I think of that every time I drive up my street, past the house of a neighbor whose husband has been away for a year and isn’t expected to return until late spring, of then. Her young children have been without a father for long enough. I think of it when I pull into my driveway. Two houses down a family waits for news of their son who is currently in training and expects to be sent to Iraq this spring or summer.

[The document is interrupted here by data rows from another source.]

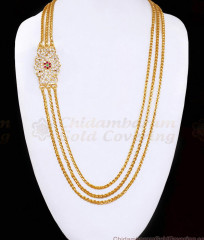 Beautiful Multi Stone Floral Design Side Pendant Mugappu Chain 5 Metal Jewelry MCH1835 Beautiful Multi Stone Floral Design Side Pendant Mugappu Chain 5 Metal Jewelry MCH1835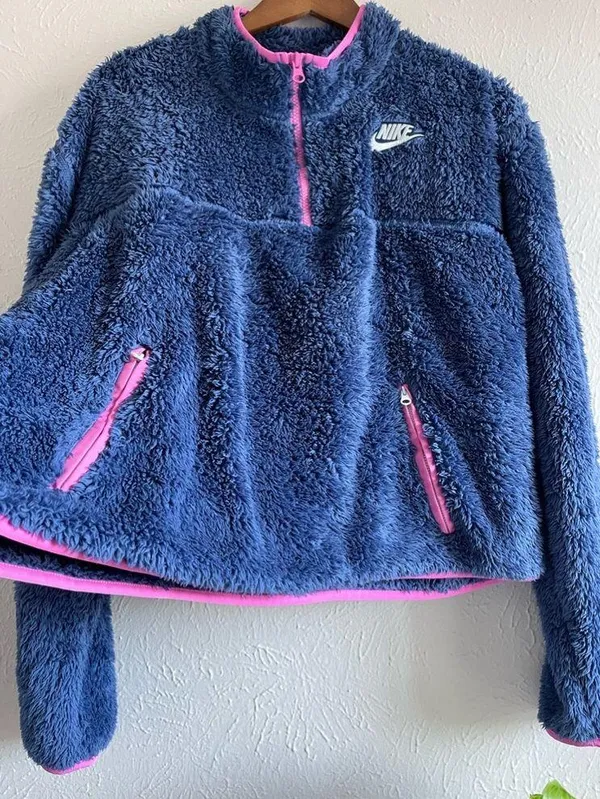 Nike SPORTSWEAR SHERPA PLUSH FLEECE ZIP CROP SWEATSHIRT SIZE 1X - Image 8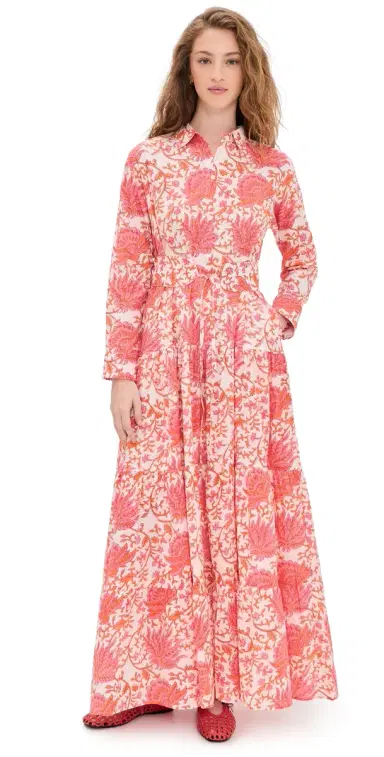 Guadalupe Design eredith Floral Dress Coral | Thumbnail 1 Guadalupe Design eredith Floral Dress Coral | Thumbnail 1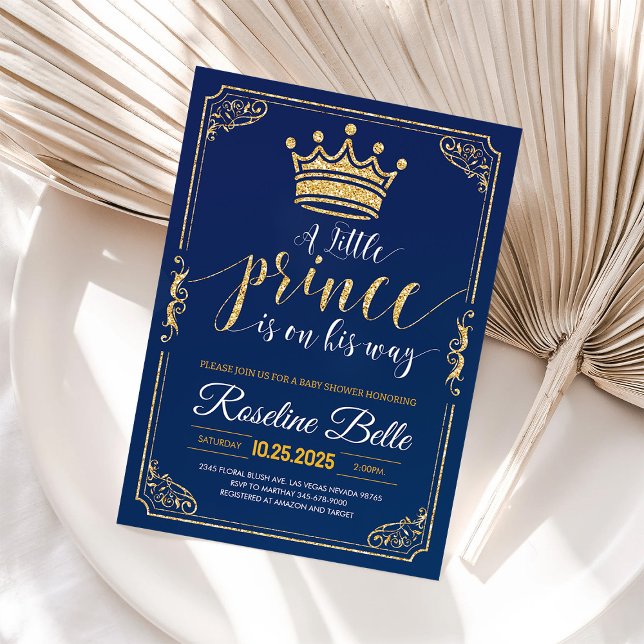 Liten prins baby shower inbjudan marin guld (Skapare uppladdad)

We ask a lot of our men and women in uniform. I don’t remember my father or other family members talking about a lack of basic supplies while in the Army, but maybe they did and I don’t remember, maybe there was a lack and they just didn’t talk about it. One of Mr. Jane’s nephews served in Iraq at the beginning of the war. He said they only had two meals a day to eat and he took his own body army. Nor is this an isolated story, as the question about the lack of adequate vehicle armoring that Secretary Rumsfeld was asked demonstrates. Were that not enough, consider this item from the November 2004 issue of National Geographic:

“When Marine Corps Staff Sgt. Jerome Boganowski was sent to Iraq with his reserve unit, he decided to take along our October 2002 Middle East supplement map. It came in handy. His job in Iraq was directing convoys to military bases, but he had no maps along to guide him. “Several times,” he said, “we didn’t know where we were.” Jerome logged 3,000 miles on the road during three months in the desert, navigating with a GPS unit from home and his National Geographic map. “

Does this mean he was sent to Iraq and asked to direct convoys but never even given a map? Thank goodness he was the sort of man who kept National Geographic maps around. Our soldiers rise to the occasion. The boy two doors down didn’t do such a great job on our lawn a couple of years ago when my husband’s foot was broken and we asked him to mow. Yet, I am sure that he will be a fine addition to the troops.

A good friend of mine sent me a truly thoughtful Christmas gift, a copy of a chapter, “Making Citizens into Soldiers by Harold G. Moore, in the book Defining a Nation, edited by David Halberstam. There are several pages praising NCOs (noncommissioned officers, drill sergeants and the like). She knew my father fit this category and thought I would enjoy reading it. Moore discusses the valor American soldiers demonstrate in combat, and cites the example of Steelton, PA, native Bill Beck in a Nam firefight. Consider this statement Moore makes:

“It strikes me that the American military culture is an unusual hybrid of a highly individualistic culture blended with the traditional needs of discipline and order that the military requires. Thus the American soldier obeys orders when he needs to and thinks for himself when he needs to. There’s just the right amount of elasticity in the way we do it, and a surprising number of our greatest acts of courage – for which our highest medals are given – are driven by rare acts of individualism, of soldiers thinking for themselves.” (p. 97)

Our elected officials have been very evasive about the issues of troop readiness and supplies. I happened to see Sen. Specter address a group this past spring. He was asked about the lack of equipment for troops and said he thought it had been taken care of. I don’t think so, Senator. And, by the way, the old story about going to Washington to get your father’s World War I pension does not play well with the under 50 crowd, who consider WWI ancient history. Specter topped it off by saying that he still hadn’t secured the pension so he wanted another term in office. Surely there are better reasons to ask for a vote, like making sure the man down the street comes home to his family, and taking good care of the boy two houses down, that I still half expect to see skateboarding down the street. We ask a lot of the men and women in uniform and we owe them, at the very least, the basics in equipment and supplies.